> _EXERCISE_
For this exercise, output the entries below exactly from the line that holds "Nash Boilies Instant Action (20 mm, 1000 g)" to the line that holds "Define Your Curls", both ends included. No pictures belong in the copy.

> _SUPPLIED DATA_

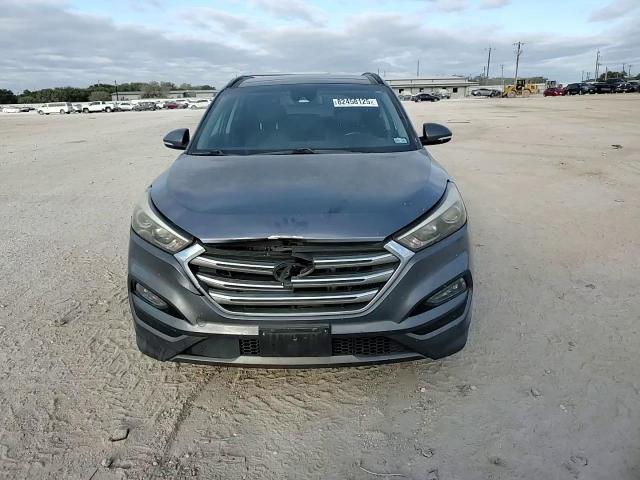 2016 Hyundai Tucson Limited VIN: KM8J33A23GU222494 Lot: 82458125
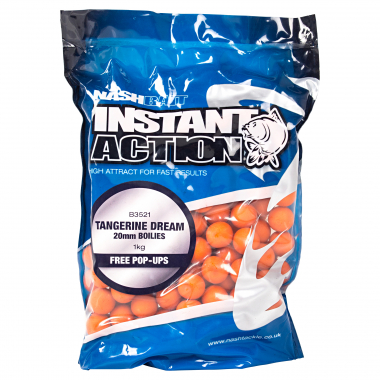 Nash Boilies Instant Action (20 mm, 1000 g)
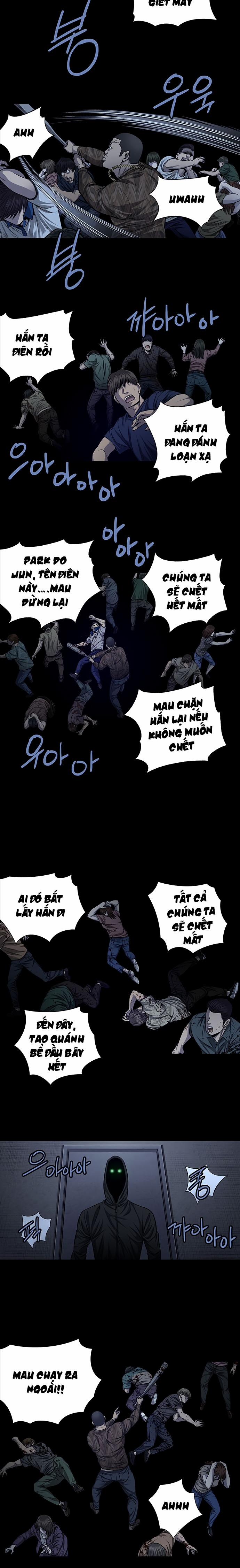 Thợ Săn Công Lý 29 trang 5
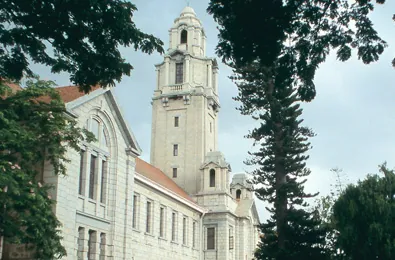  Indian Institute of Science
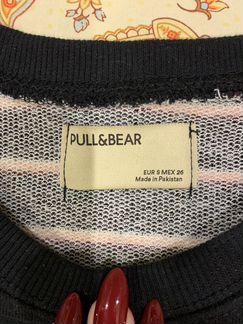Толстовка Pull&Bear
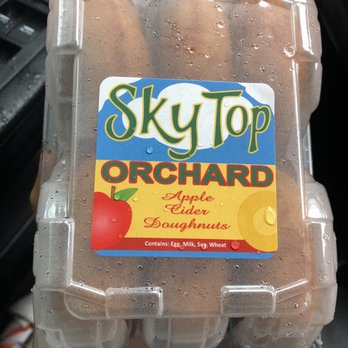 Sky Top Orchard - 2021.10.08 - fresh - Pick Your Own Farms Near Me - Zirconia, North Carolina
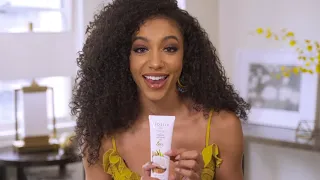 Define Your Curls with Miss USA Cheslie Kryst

--

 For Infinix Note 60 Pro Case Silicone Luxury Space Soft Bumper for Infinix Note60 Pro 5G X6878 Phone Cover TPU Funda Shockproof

* * *

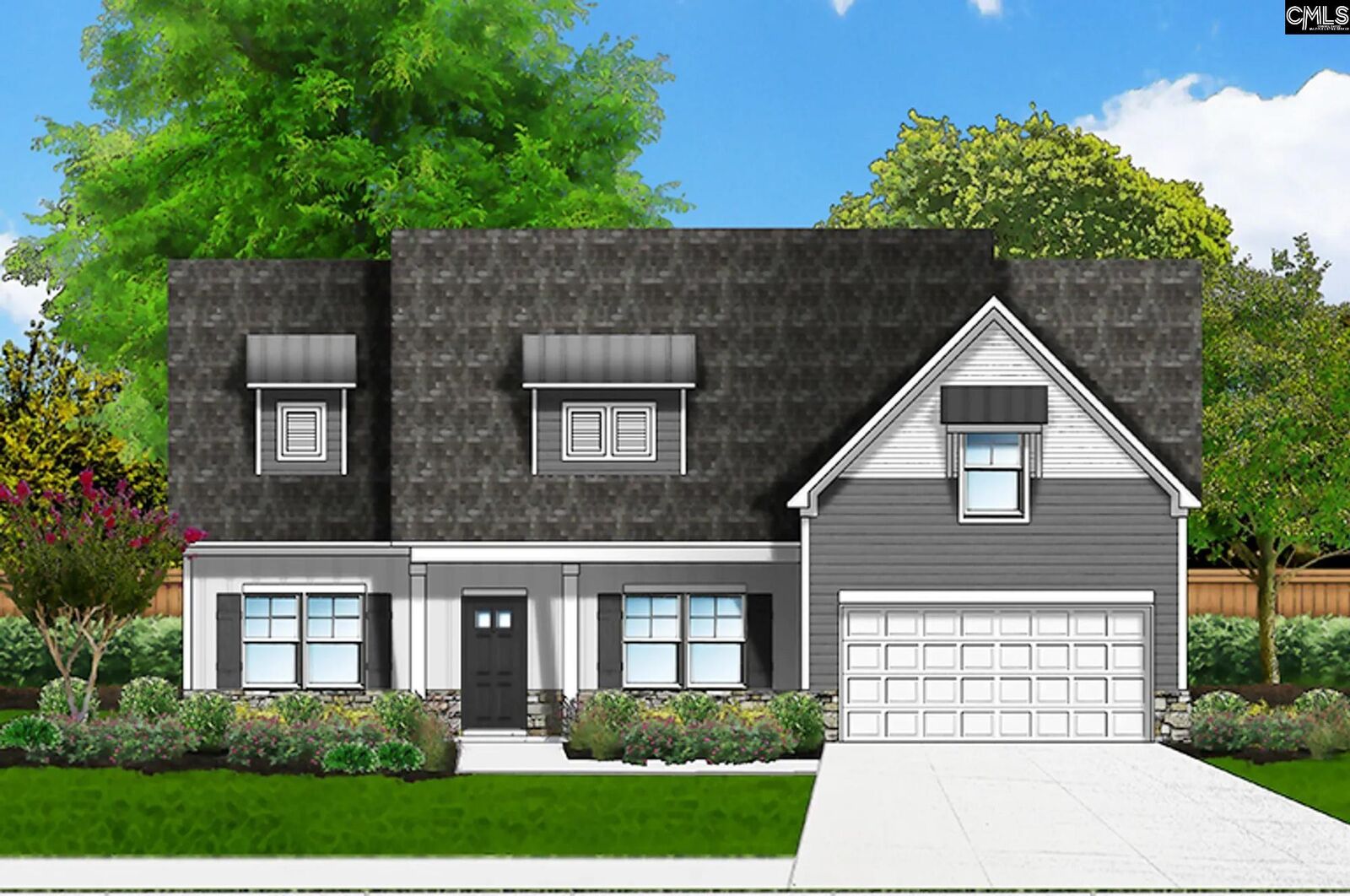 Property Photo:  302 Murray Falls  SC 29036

> _WORKED SOLUTION_
 Nash Boilies Instant Action (20 mm, 1000 g)
 Thợ Săn Công Lý 29 trang 5
  Indian Institute of Science
Толстовка Pull&Bear
 Sky Top Orchard - 2021.10.08 - fresh - Pick Your Own Farms Near Me - Zirconia, North Carolina
 Define Your Curls with Miss USA Cheslie Kryst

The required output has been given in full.